How does a team of students administer a powerful data center for education and research at a small undergraduate liberal arts college?
Success at my job is largely dependent on how well I can answer that question and implement the answer.
Earlham CS, under the banner of the Applied Groups, has a single team of students running our servers:
The Systems Admin Group’s key functions include the maintenance of the physical machines used by the Earlham Computer Science Department. They handle both the hardware and software side of Earlham’s Computer Science systems. The students in the sysadmin group configure and manage the machines, computational clusters, and networks that are used in classes, for our research, and for use by other science departments at Earlham.
The students in that group are supervised by me, with the invaluable cooperation of a tenured professor.
The students are talented, and they have a range of experience levels spanning from beginner to proficient. Every semester there’s some turnover because of time, interest, graduations, and more.
And students are wonderful and unpredictable. Some join with a specific passion in mind: “I want to learn about cybersecurity.” “I want to administer the bioinformatics software for the interdisciplinary CS-bio class and Icelandic field research.” Others have a vague sense that they’re interested in computing – maybe system administration but maybe not – but no specific focus yet. (In my experience the latter group is consistently larger.)
In addition to varieties of experience and interest, consider our relatively small labor force. To grossly oversimplify:
- Say I put 20 hours of my week into sysadmin work, including meetings, projects, questions, and troubleshooting.

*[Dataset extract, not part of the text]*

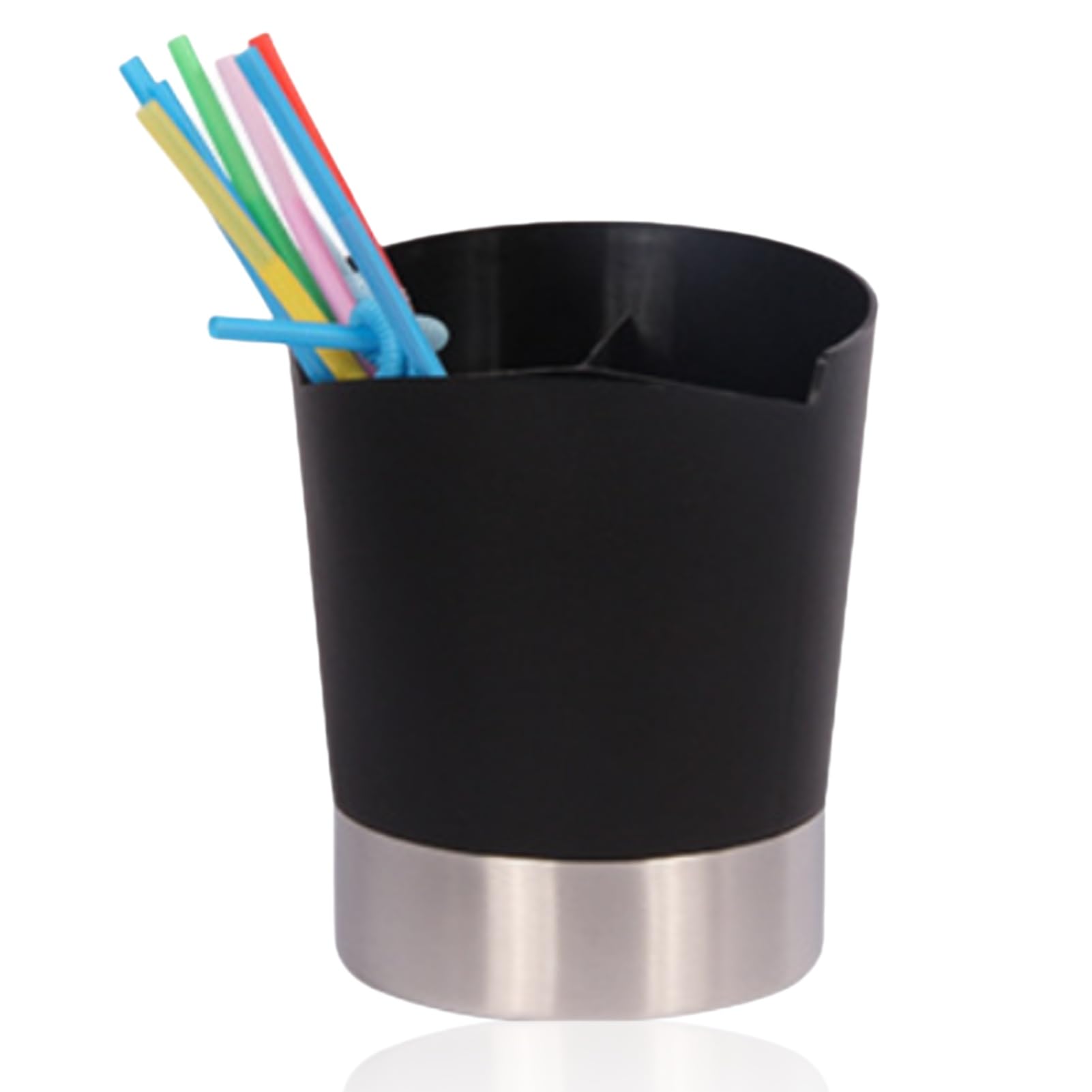 Cyrank Kitchen Utensil Holder, 3 Compartments Stainless Steel Kitchen Utensils Organiser Countertop Straw Dispenser Drinking Straw Organizer Utensil Storage Caddy for Spoons Forks Straws(Black)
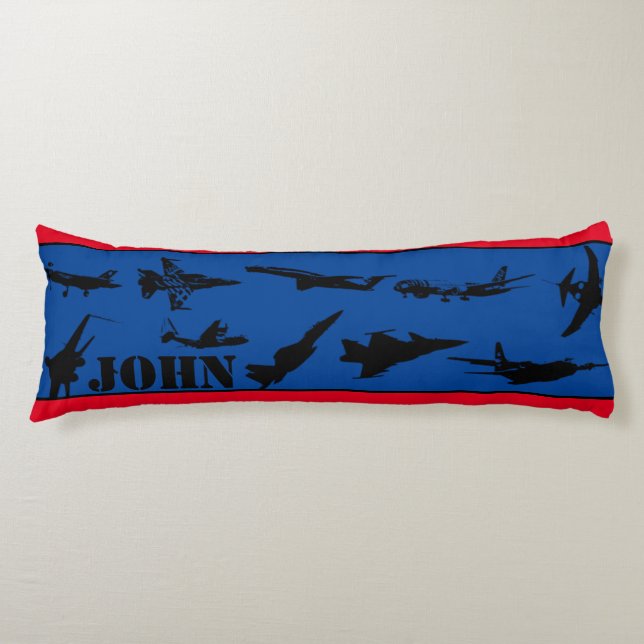 Personalized Airplanes Body Pillow (Front)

- Assume a student works 8 hours per week, the minimum for a regular work-study position. We have a budget for 7 students. (I would certainly characterize us as two-pizza-compliant.)
- There are other faculty who do some sysadmin work with us, but it’s not their only focus. Assume they put in 10 hours.
- Ignore differences in scheduling during winter and summer breaks. Also ignore emergencies, which are rare but can consume more time.
That’s a total of 86 weekly person-hours to manage all our data, computation, networking, and sometimes power. That number itself limits the amount we can accomplish in a given week.
Because of all those factors, we have to make tradeoffs all the time:
- interests versus needs
- big valuable projects versus system stability/sustainability
- work getting done versus documenting the work so future admins can learn it
- innovation versus fundamentals
- continuous service versus momentary unplanned disruption because someone actually had time this week to look at the problem and they made an error the first time
I’ve found ways to turn some of those tradeoffs into “both/and”, but that’s not always possible. When I have to make a decision, I tend to err on the side of education and letting the students learn, rather than getting it done immediately. The minor headache of today is a fair price to pay for student experience and a deepened knowledge base in the institution.
In some respects, this is less pressure than a traditional company or startup. The point is education, so failure is expected and almost always manageable. We’re not worried about reporting back to our shareholders with good quarterly earnings numbers. When something goes wrong, we have several layers of backups to prevent real disaster.
On the other hand, I am constantly turning the dials on my management and technical work to maximize for something – it’s just that instead of profit, that something is the educational mission of the college. Some of that is by teaching the admins directly, some is continuing our support for interesting applications like genome analysis, data visualization, web hosting, and image aggregation. If students aren’t learning, I’m doing something wrong.
In the big picture, what impresses me about the group I work with is that we have managed to install, configure, troubleshoot, upgrade, retire, protect, and maintain a somewhat complex computational environment with relatively few unplanned interruptions – and we’ve done it for quite a few years now. This is a system with certain obvious limitations, and I’m constantly learning to do my job better, but in aggregate I would consider it an ongoing success. And at a personal level, it’s deeply rewarding.